Sorry should have read the original comment first. I skipped to the one you tagged me in. If you need to subsample then I guess go ahead. I want to run the code locally on the full global dataset first to get a sense of what's happening. Some discussion going on in the room here points to doing a spatial subsample. Does that help?
Yeah, that's great, thanks @albenson-usgs!
I think this will work:
librarian::shelf(arrow, dplyr, here, readr)

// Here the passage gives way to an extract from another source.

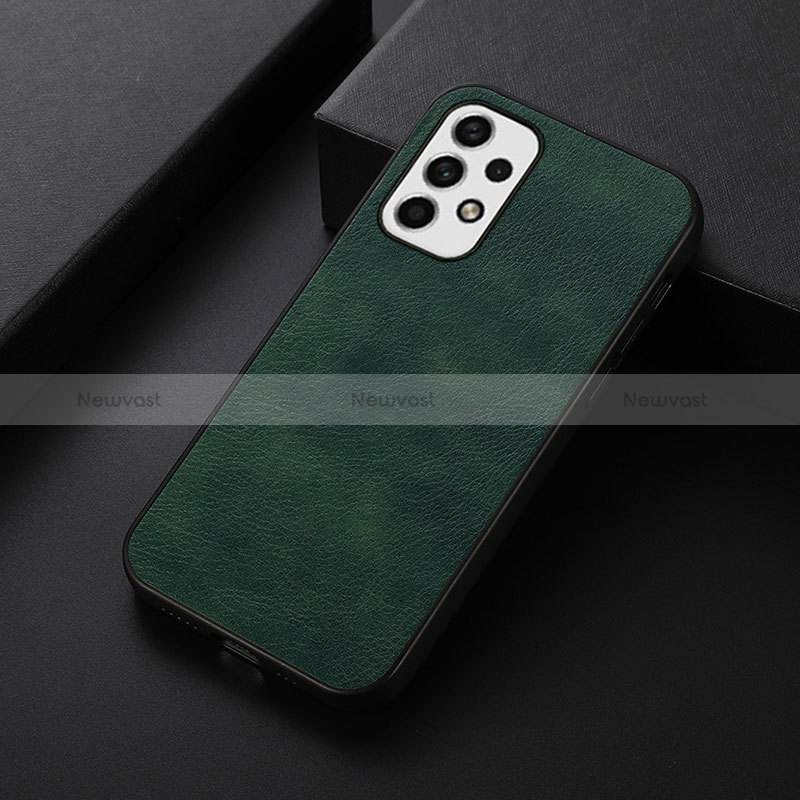 Soft Luxury Leather Snap On Case Cover B06H for Samsung Galaxy A23 4G Green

occ <- open_dataset(here("data/obis_20220404.parquet")) # 12.82 GB
occ <- occ %>%
select(decimalLongitude, decimalLatitude, species) %>%
group_by(decimalLongitude, decimalLatitude, species) %>%
collect() %>%
summarize(records = n())
write_csv(occ, "data/occ.csv")
occ <- occ %>%
ungroup()
# write full occurrence dataset
write_parquet(occ, "data/occ.parquet") # 27,965,153 × 4; 255 MB
# write subsampled global occurrence dataset
set.seed(42)
i <- sample(1:nrow(occ), 1000000)
occ %>%
slice(i) %>%
write_parquet("data/occ_1M.parquet") # 1,000,000 x 4; 16.9 MB
# write full regional occurrence dataset
# [Marine Regions · South Atlantic Ocean (IHO Sea Area)](https://marineregions.org/gazetteer.php?p=details&id=1914)

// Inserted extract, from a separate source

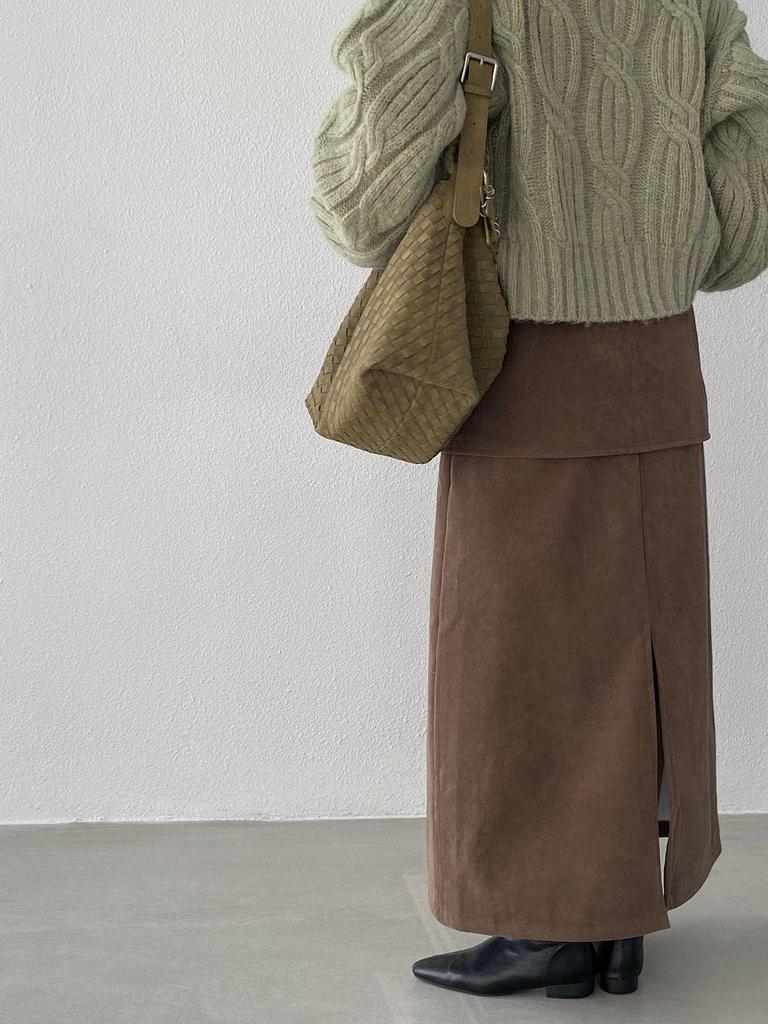 Korean Style Fleece-Lined Slimming Midi Skirt for Women – Winter Versatile 0253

# Min. Lat 60° 0' 0" S (-60°)
# Min. Long 69° 36' 3" W (-69.6008°)
# Max. Lat 0° 4' 30.4" N (0.0751°)
# Max. Long 20° 0' 32.6" E (20.0091°)
occ %>%
filter(
decimalLatitude >= -60,
decimalLongitude >= -69.6008,
decimalLatitude <= 0.0751,
decimalLongitude <= 20.0091) %>%
write_parquet("data/occ_SAtlantic.parquet") # 1,014,006 × 4; 8 MB
#read_parquet("data/occ_SAtlantic.parquet")
Peter's example in
iobis/notebook-diversity-indicators
:index.Rmd#L23
uses the parquet file downloadable at https://obis.org/data/access/ and currentlyobis_20220404.parquet
is 12.8 GB. We need something else to use in the vignette and function examples that can be locally loaded within the R package.